By Imbert Matthee
The Times 

New Pharmacist: “This Is Home”

 

August 19, 2010

Elk Drug owner Paul Hendrickson behind the pharmacy counter with Holly Warner, the company's newest phar­macist who feels like she has returned home to the Touchet Valley.

DAYTON - The last time Holly Warner left the Touchet Valley, she cried for days.

She was barely 11 and liv­ing with her mom in Dixie, which she says was a tom­boy's paradise. There was a creek close to her house on a 20-acre farm. The property had an orchard, three vegetable gardens and a treehouse. Warner was an avid horseback rider. In the winter, she'd hit the slopes at Bluewood. She liked walk­ing to school, which had just 40 kids kindergarten through 5th grade. "I loved it here. It was the best place to grow up," she says. "It felt safe." They had moved there four years earlier to be with her mom's new husband, a commercial airline pilot who flewin and out of Walla Walla.

But that year, the couple was getting a divorce and Warner's mom decided to move back to her hometown of San Antonio, Texas.

It should come as no sur­prise that Warner, 34, who has just taken a position as the third pharmacist at Elk Drug in Dayton, has no plans to budge now that she's back.

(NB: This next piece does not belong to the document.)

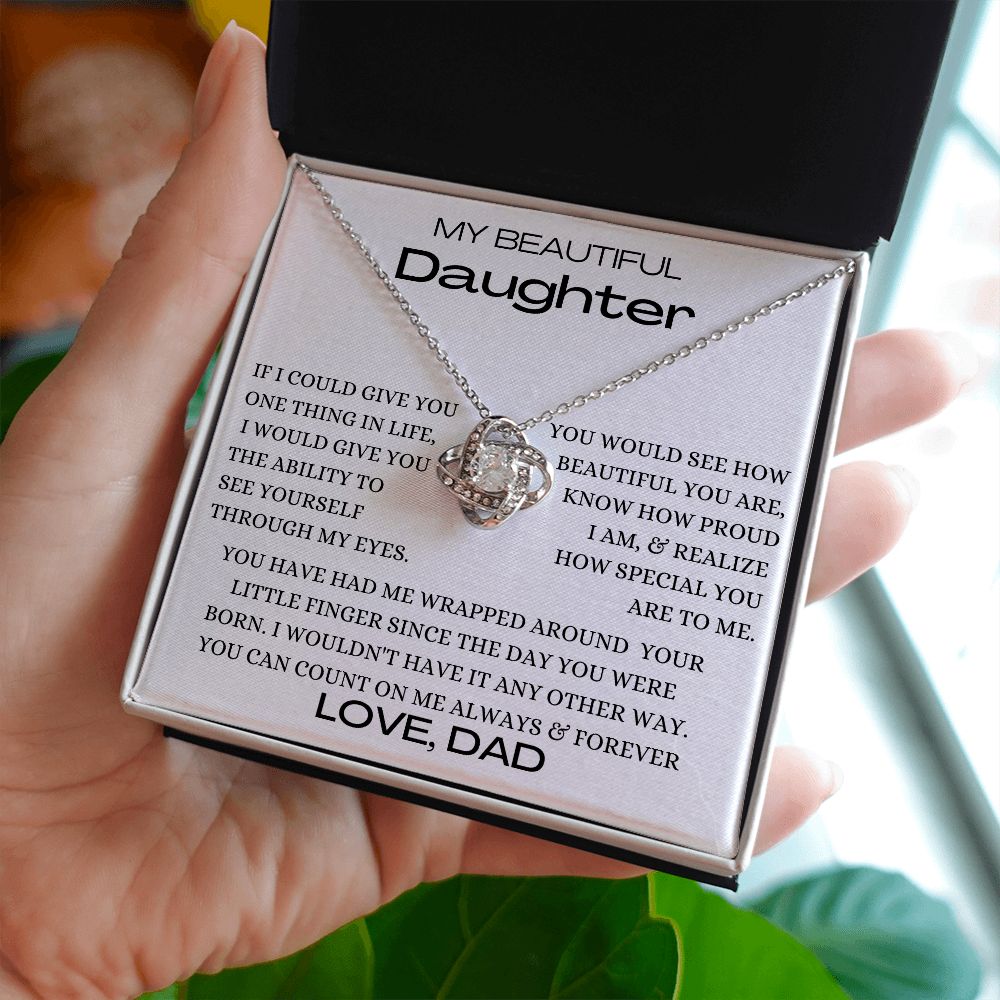 Beautiful Daughter One Thing Love Dad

Warner replaces Pam Melton, whose personal circumstances forced her to move back to Spokane. Warner joins Sean Thurston, who has plans to take over the business from Paul Hen­drickson. Hendrickson, who has been the valley's pharma­cist for more than 34 years, plans to gradually retire.

"We're extremely fortu­nate to have someone from the area who has a passion for small-town pharmacy and intends to make this commu­nity her home," Hendrickson said. Before she returned to Dayton's doorstep, Warner lived and worked in some interesting places.

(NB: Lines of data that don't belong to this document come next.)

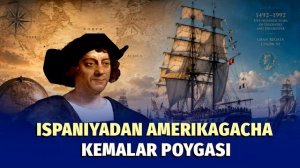 🍿 Kolumbning ortidan Atlantikani kesib o'tgan yuzlab kemalar
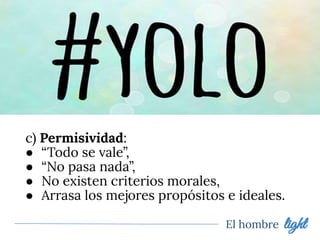 El hombre light
c) Permisividad:
● “Todo se vale”,
● “No pasa nada”,
● No existen criterios morales,
● Arrasa los mejores propósitos e ideales.
 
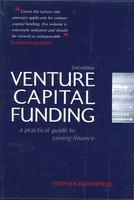 Venture Capital Funding: A practical guide to raising finance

Take Swedish Hospital in Seattle, where she had her first job out of pharmacy school prescribing drugs for patients of the pediatrics wing - sometimes even pre­mature infants.


Or the more recent posi­tion she had as pharmacist for a small chain of drug stores in the Virgin Islands, where she said no outsider - no matter how long they lived there - was ever really accepted as a "local."

She calls those experi­ences "intense" and "chal­lenging." But none of them were as inspiring to her as her new position at Elk Drug. "I'm excited to go to work every day, and I've never felt that way before," War­ner explains. "I've always fantasized about living in a town where I can get to know most people and know their stories."

Warner's own story as a pharmacist began when she started to attend Pharmacy School at the University of Washington in Seattle in 2004. She had received a Bachelor's of Science in Biology from the UW two years earlier.


After she graduated in 2008, she took the shifts at Swedish. The position as pe­diatric pharmacist was chal­lenging because prescribing dosages for children is much more sensitive than preparing drugs for adults. She had to do a lot of research to come up with the right answers for almost every prescription.

In the spring of last year, Warner and her partner Will Anderson, who was the ex­ecutive chef at Ruth's Chris Steakhouse in Seattle, de­cided to pursue their fantasy of living on a sunny island and moved to St. Thomas, where Warner worked as a pharmacist.

But island living soon began to feel claustrophobic to the couple who found its lifestyle of constant tempera­tures, circular island roads and $8 gallons of mainland milk "limiting." Anderson was actually the first to find a job in the Walla Walla area. He got a job as a full-time chef at the Backstage Bistro in March. Warner found out about the opening at Elk, which had al­ready been filled by Melton, so she went to work part time at the Medicine Shoppe in Walla Walla until she learned her predecessor would be leaving.


The couple hopes to get married and move to the Touchet Valley to embrace a country lifestyle with a small farm house on the Touchet where they can have horses, chickens and a vegetable garden. "My mission is to settle down, dig into some place and create the life I want to live during the next 20 years," Warner says. "This is home now."